«La fantasia rompe gli schemi», il fumettista Baronciani in mostra a Pavia
Alessandro Baronciani ha avuto lettori che aspettavano i suoi fumetti nella cassetta delle lettere, pubblicato un libro tutto blu e storie in scatola che oggi sono pezzi da collezione. Ha contribuito a far innamorare del graphic novel i ventenni del Duemila con Quando tutto diventò blu e Le ragazze nello studio di Munari e l’anno scorso la casa editrice Bao ha pubblicato la nuova edizione di Una storia a fumetti.
Domenica 7 dicembre alle 19 sarà al Sottovento di Pavia per la sua mostra 70x50x20, venti poster: «Sono immagini che pubblico su Instagram - racconta Baronciani -. Immagini dove il tempo romantico penso si sia fermato, le guardi online e al massimo metti un like. Questa è l’unica occasione di vederle dal vivo e poterle portare a casa. Insieme alle serigrafie, e a libri che dedicherò e si troveranno alla mostra: una bella occasione per vedersi di persona, bere un bicchiere di vino e per parlare insieme. È ora di smetterla di vedersi solo sui social e mandarsi messaggi».

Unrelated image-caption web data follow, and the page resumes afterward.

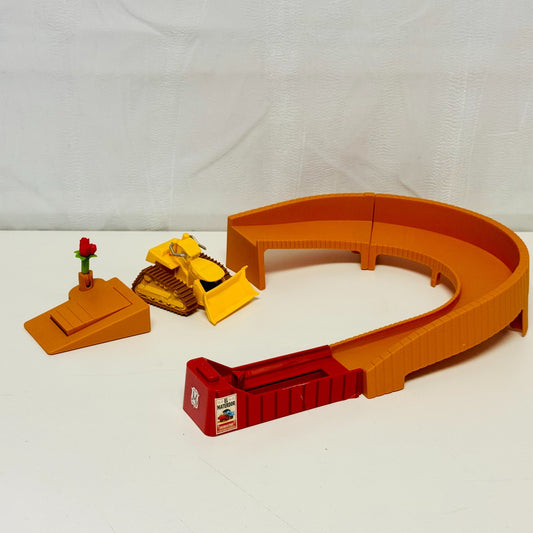 Disney Pixar Cars Toon - EL MATERDOR TRACK SET WITH CHUY - 1:55 Scale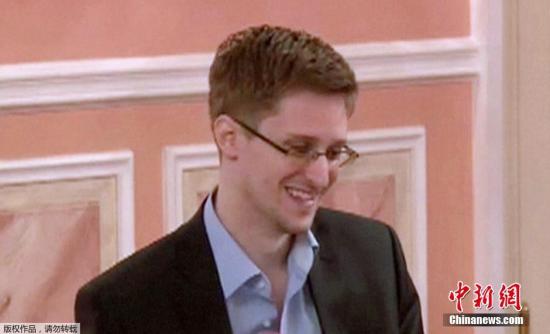 资料图:美国大规模监控计划揭秘者斯诺登。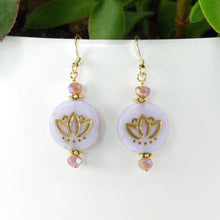 Load image into Gallery viewer, Water Lilly Earrings
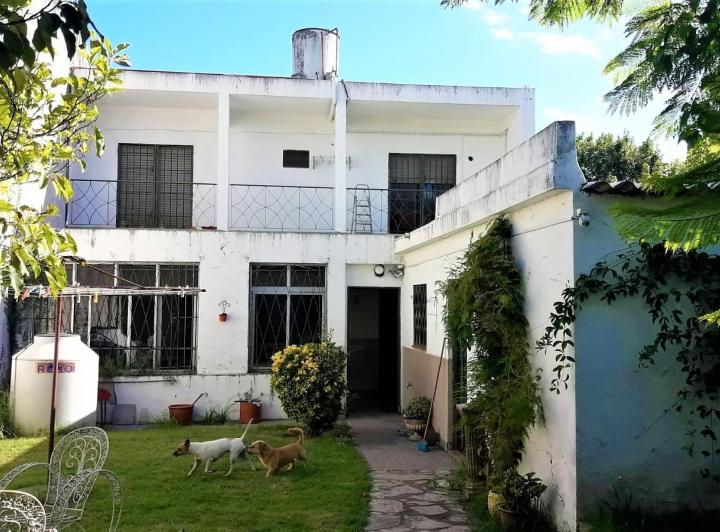 Casa · 268m² · 4 Ambientes · 1 Cochera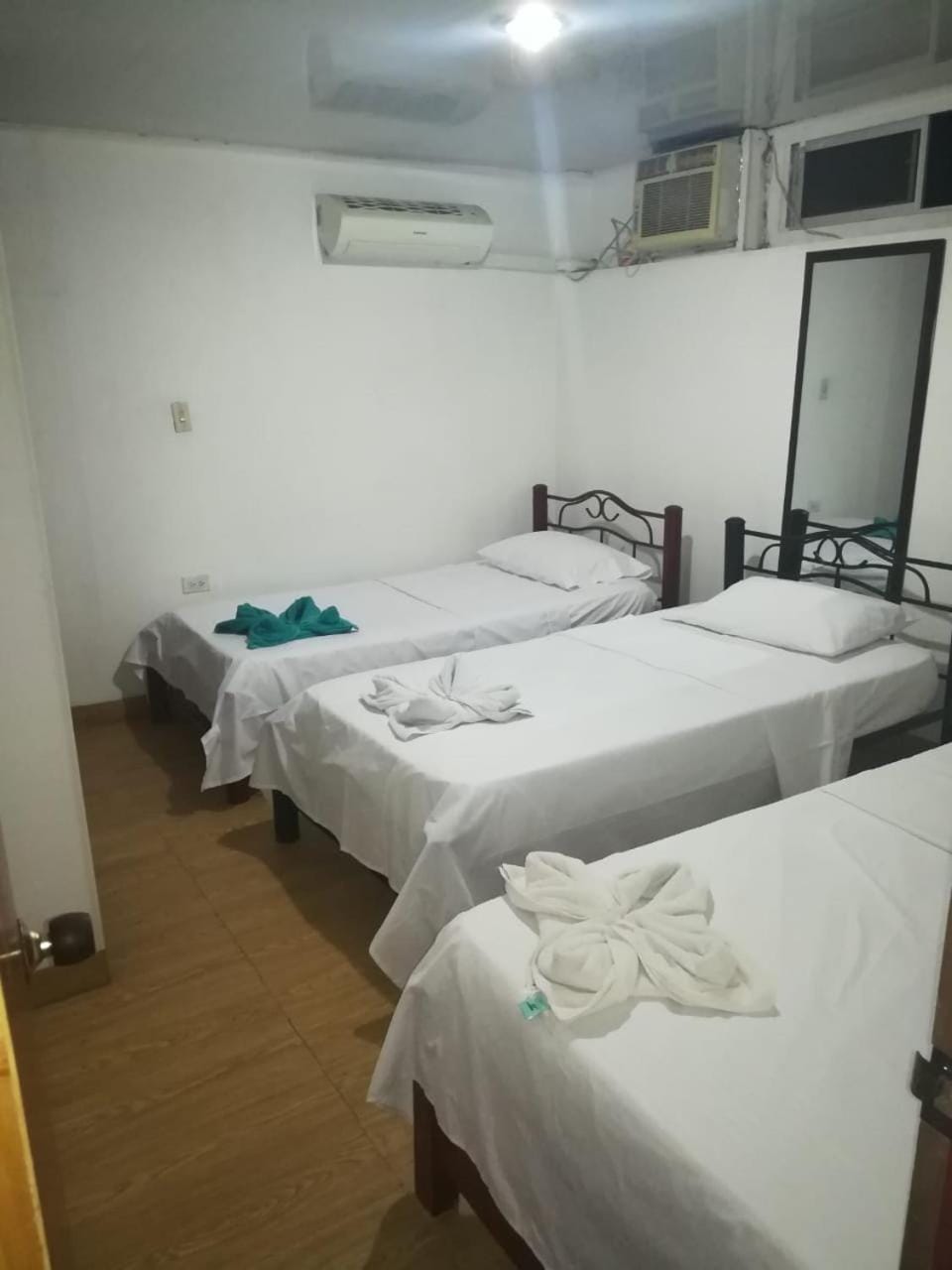Bed, Photo of the whole room, towels, air conditioner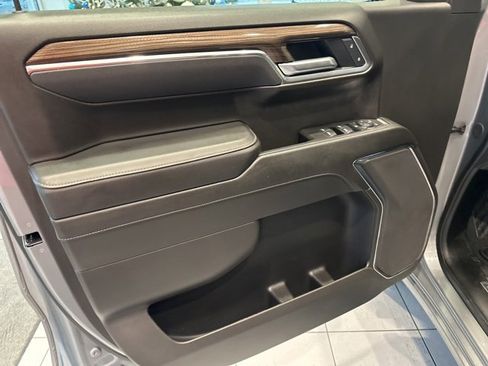 Used 2025 Chevrolet Silverado 1500 LT image 9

Pavia, Pesaro: la provincia influenza la creatività?
«A febbraio sono venuto alla Certosa di Pavia, è bellissima. In ogni provincia c’è almeno una cosa magnifica, che magari a quelli del posto non dice nulla. In ogni città ci sono posti, panorami segreti, “non luoghi” capaci di ispirare: sale d’aspetto, angoli di strada dove una pozzanghera gigantesca diventa uno specchio del palazzo di fronte, una porta ad un’altra dimensione fantastica. La meraviglia è ovunque, bisogna trovarla e vederla».

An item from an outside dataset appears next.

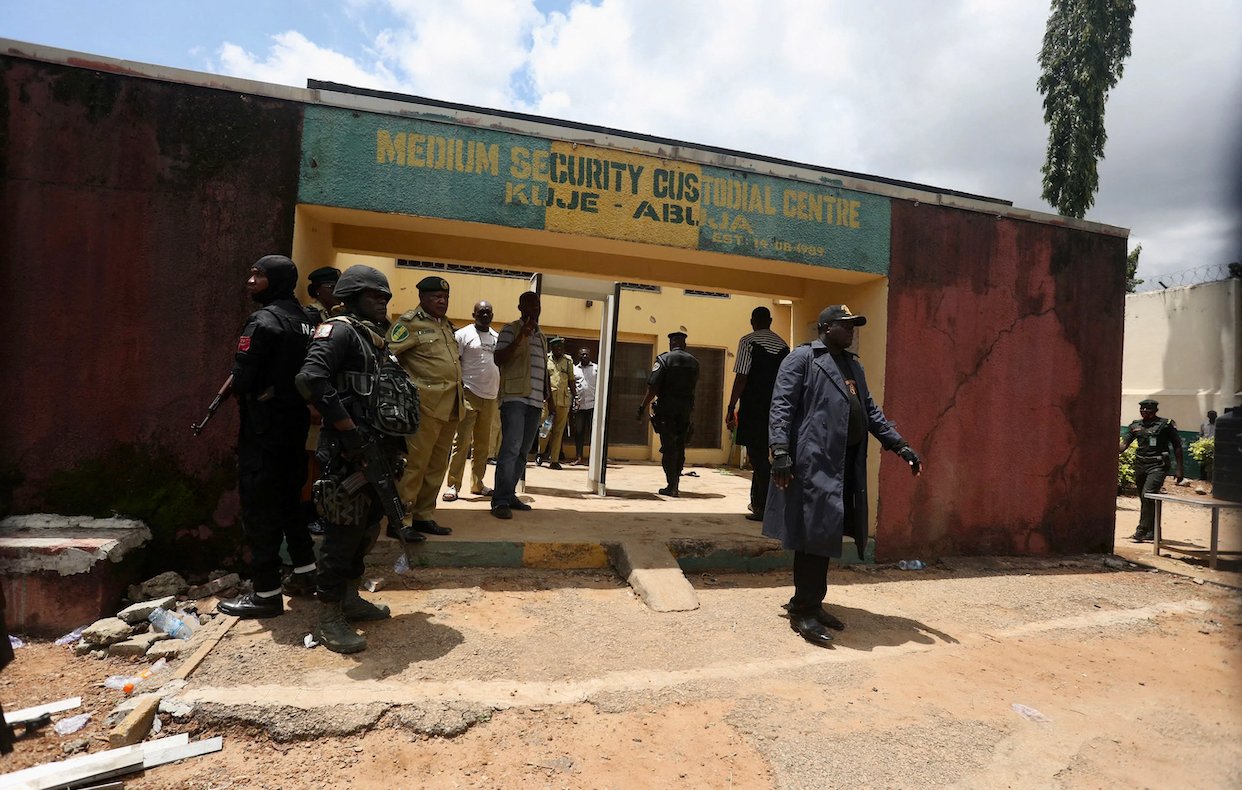 نيجيريا تطلق سراح أكثر من 4 آلاف سجين لتخفيف اكتظاظ السجون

Come sta il fumetto in Italia?
«Intorno al Duemila la graphic novel ha avuto un impatto enorme. La nostra generazione, cresciuta con i fumetti, quando è diventata grande ha continuato a cercarli chiedendo alle storie di diventare “grandi” insieme a loro. I fumetti parlavano del primo lavoro, della fine di una relazione, di andare a studiare in un’altra città. Oggi questo fenomeno è diventato un mercato enorme, escono cose in continuazione. E se produci in continuazione, le storie iniziano a indebolirsi. È difficile orientarsi, nessuno ti consiglia. Prendiamo i manga, oggi escono 10 nuove testate ogni mese e se sei adolescente e hai 20 euro alla settimana ne compri 2, una volta 3. Se non ti piace smolli e smetti di seguirle. È cambiata o forse è diventata standard la percezione. A inizio Duemila c’erano libri che sfidavano gli stereotipi, penso a Ghost World, Piera degli spiriti o anche Watchmen. Oggi se una persona per strada ti vede disegnare al bar ti chiede se fai “zerocalcare” come quando ero piccolo mi chiedevano: «Fai Topolino?». Zerocalcare ha coperto tutto. Eppure c’è tanto altro, Toffolo, Maicol & Mirco, Gipi, Fior, Ghermandi e per citare qualche giovane Albertini, Spugna, Macaione. È lo stesso fenomeno per cui quando parliamo di fantascienza pensi a Star Wars, se parlo di maghi pensi a Harry Potter. Come se Star Wars fosse diventato un “genere” e il “fantasy” fosse solo il Signore degli Anelli».
Cosa diresti a una ragazza o un ragazzo che vuole fare il tuo lavoro?
«Che non basta solo disegnare. E che gli elfi non hanno solo le orecchie lunghe, che la fantasia non ha limiti: più capiamo che riusciamo a fare quello che vogliamo, più riusciamo a raccontare storie che non ha raccontato nessuno».